Recycling has been the rallying cry of the environmental movement since the 1970s, a decade where plastic debris in oceans was first observed and Earth Day was inaugurated. Recycling was viewed then as the solution to the use-and-throw-away model of consumption that had steadily taken hold and resulted in the production of more imperishable plastic waste than the world knew how to manage. Fifty years later and recycling still remains the go-to mantra to solve the world’s plastic problem, but it has done little to slow down the production of plastic. Around 320 million tonnes of plastic are produced every year with only 2% of that plastic recycled in a closed-loop system. With plastic production expected to quadruple by 2050, a new, more radical solution is needed if we are to preserve our environment from our destructive plastic habits.
Recycling is centred around the idea of getting a second life from products by converting waste into reusable materials. This can be as straight forward as transforming a plastic bottle into a new plastic lid or the more complicated process of upcycling, for example turning a plastic bottle into fleece-lining for clothing.

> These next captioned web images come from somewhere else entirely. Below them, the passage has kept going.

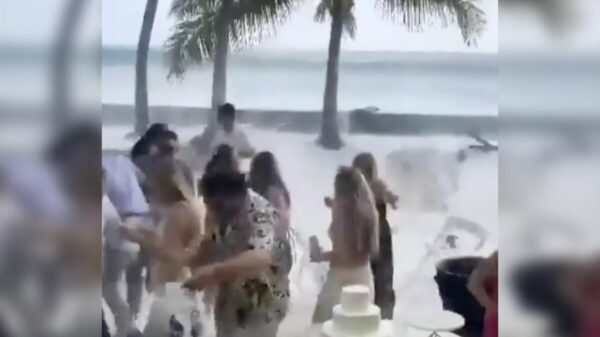 Intenso oleaje arruina lujosa boda en Hawái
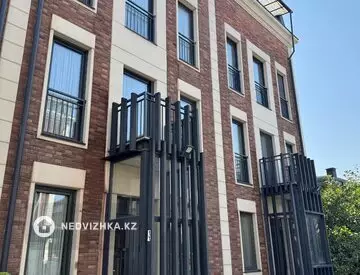 10-комнатный таунхаус, 2 соток, 375 м²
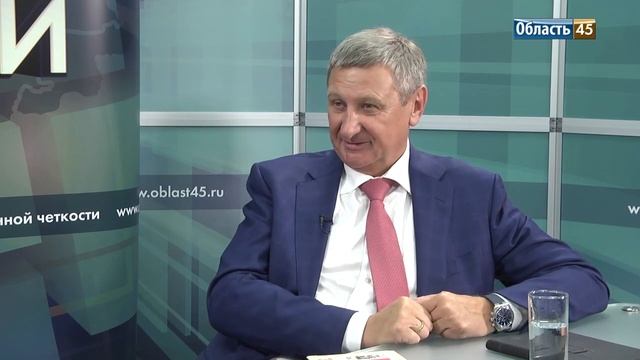 Вечер пятницы. Сергей Муратов: «Хватит слухов! Меня послушайте» смотреть онлайн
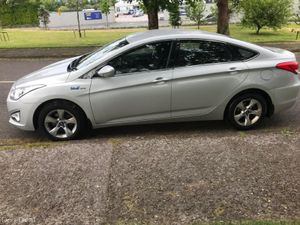 Hyundai i40 TRADE SALE ONLY SALOON EXECUTIVE 4DR - Image 2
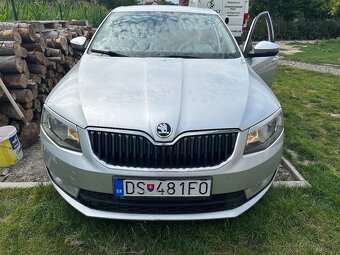 Škoda Octavia 3 sedan, manuál 6st., strieborná - 2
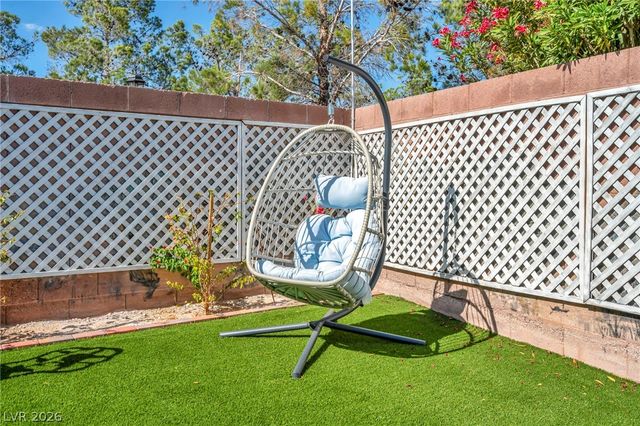 7624 Golden Lantern Court, Las Vegas, NV 89139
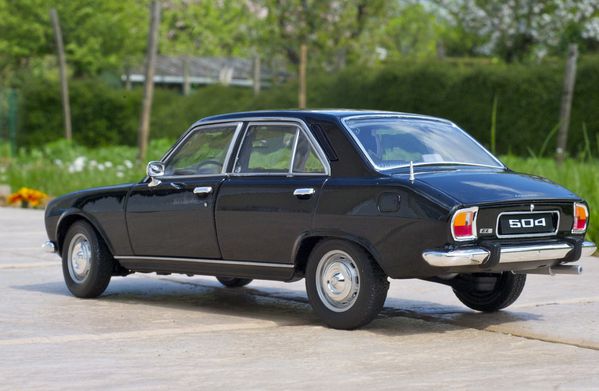 PEUGEOT 504 GL BERLINE NOIR WELLY05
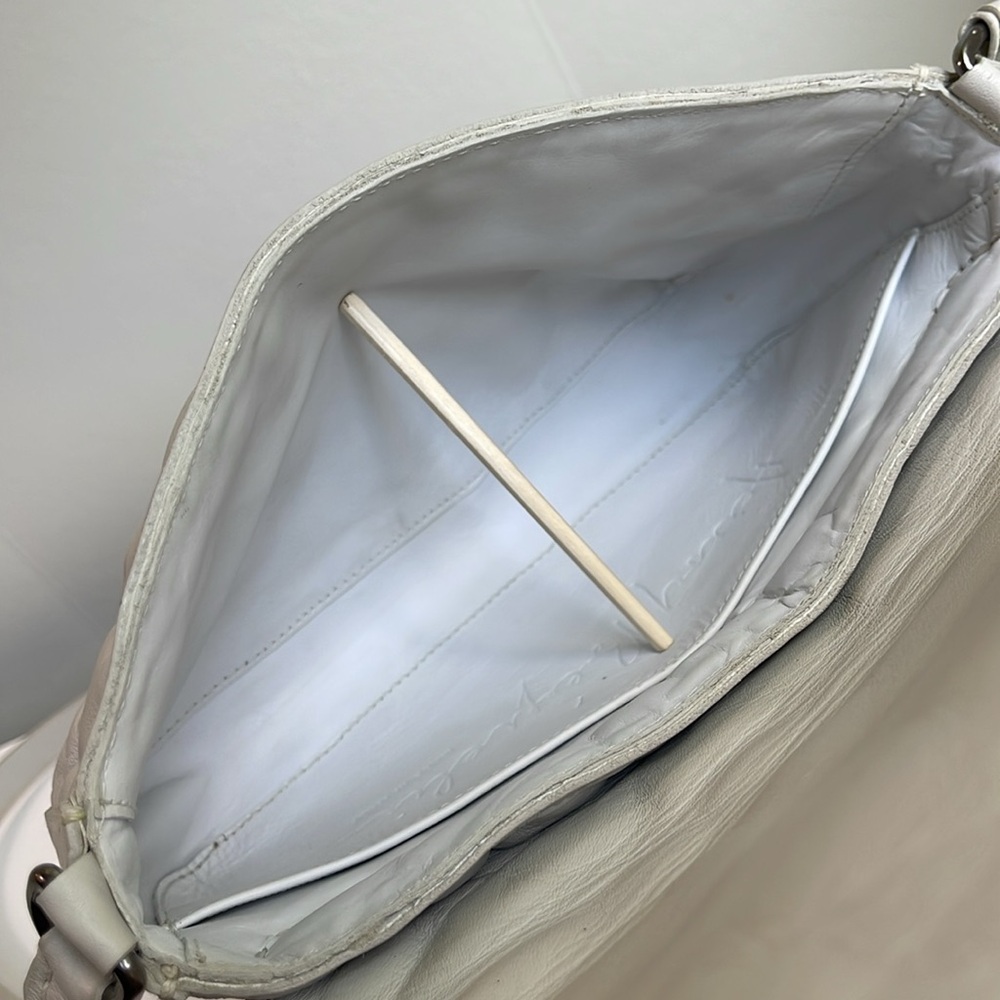 Henry Beguelin Italian Leather Crossbody / Color Chalk €440/$594 - Picture 9 of 17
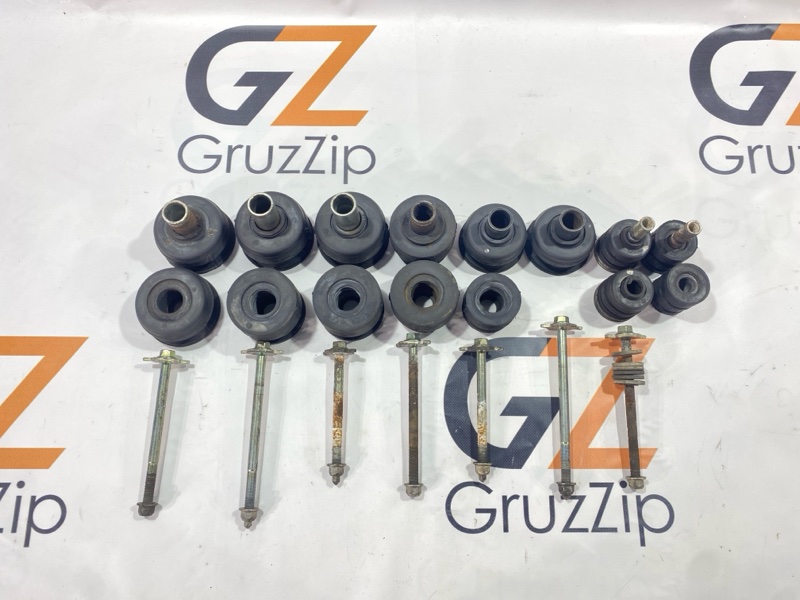 Подушка кузова Toyota Land Cruiser UZJ200W 2UZ-FE 2008 (б/у)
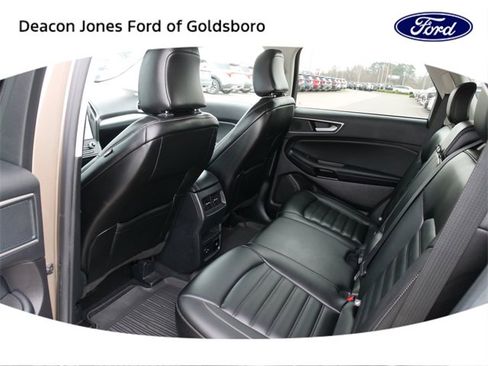 Used 2021 Ford Edge SEL w/ Convenience Package image 14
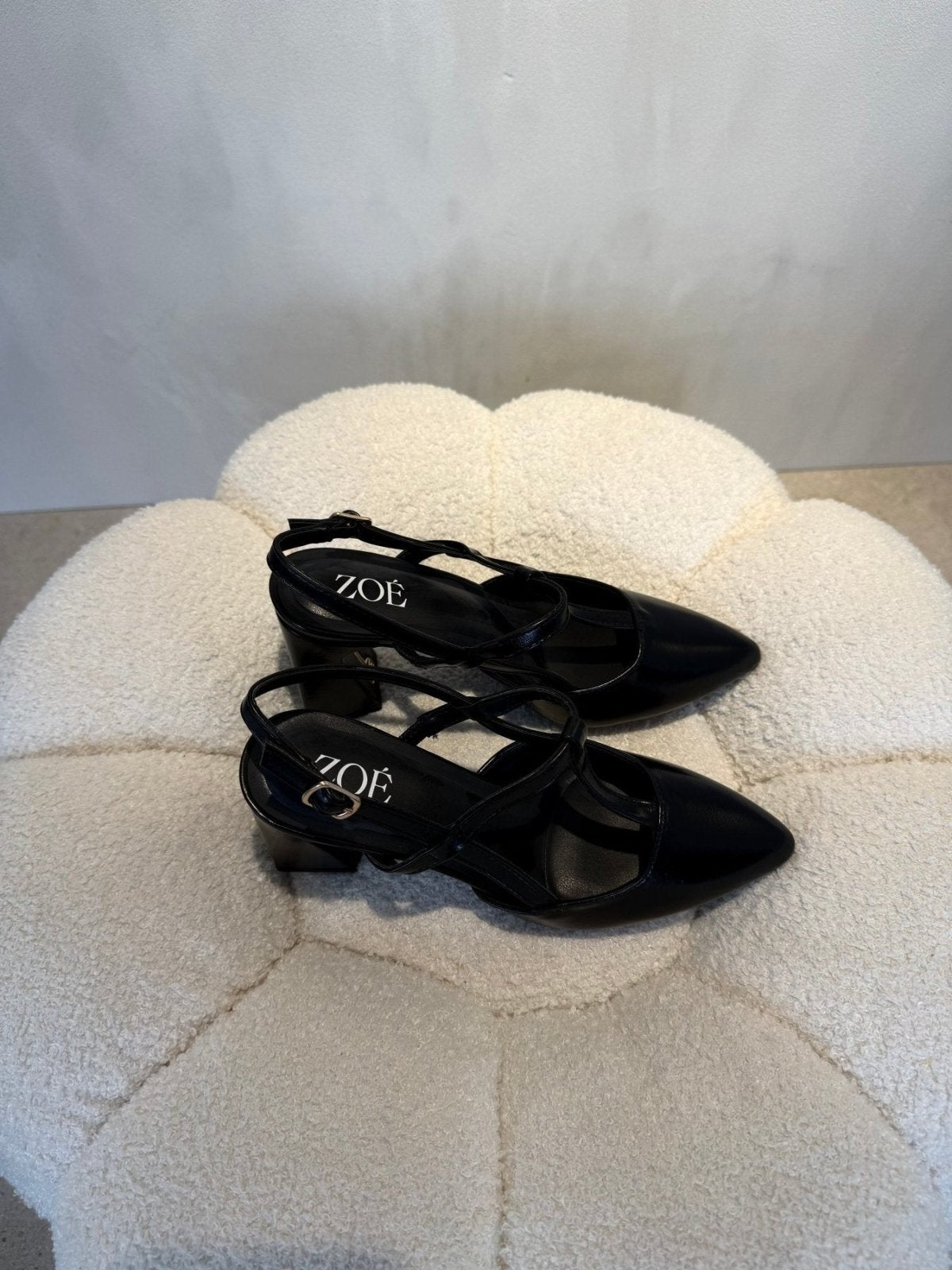 Tacones Negro Charol 15094 Hebilla Slingback Tacón Alto Punta Fina Costa Rica - Calzado 365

It may be surprising to hear that it was the plastics industry who first introduced and pushed the idea of recycling as the solution. In the 1970s, the plastic industry led a number of influential campaigns that encouraged municipalities to collect and process recyclable materials as part of their waste-management systems. It was the ideal solution for the industry as it placed no responsibility on the producers to account for the side effects of a product once it was sold, and it avoided changes to consumer behaviour and production. Instead, all responsibility was left with the consumer and national institutions, trapping both in a never-ending pursuit of continuously generated waste.
Recycling, at its best then, is a mopping technology, dealing with the immediate problem of existing plastic waste but not preventing it. Even endeavours such as upcycling, which has become a huge movement within the fashion industry in particular, only serves to extend the life of plastic waste. This method involves turning plastic waste into higher quality products such as shoes, swimming costumes and bags to name a few, but these products will eventually end up in landfills as their plastic components never break down. More concerning, these upcycled items have been shown to leak microplastics into the environment, which eventually end up in our food systems. Waste-to-energy solutions, which involve the burning of plastic waste to produce energy, also only mop up our current plastic and have the added concern of releasing toxic emissions into the air.
What’s more, at least 50% of plastic packaging items cannot be recycled. Small format packaging such as sachets, snack packaging that has layers of plastic and aluminium, and food contaminated packaging such as coffee capsules, are too difficult to recycle. Of the remaining 50% of plastic packaging items, only the highest quality items are able to be recycled into new products, but these have a limited life span of two to three recycles before they too become degraded and unrecyclable. As a result, all these items find their way to the growing landfills that now populate our environment.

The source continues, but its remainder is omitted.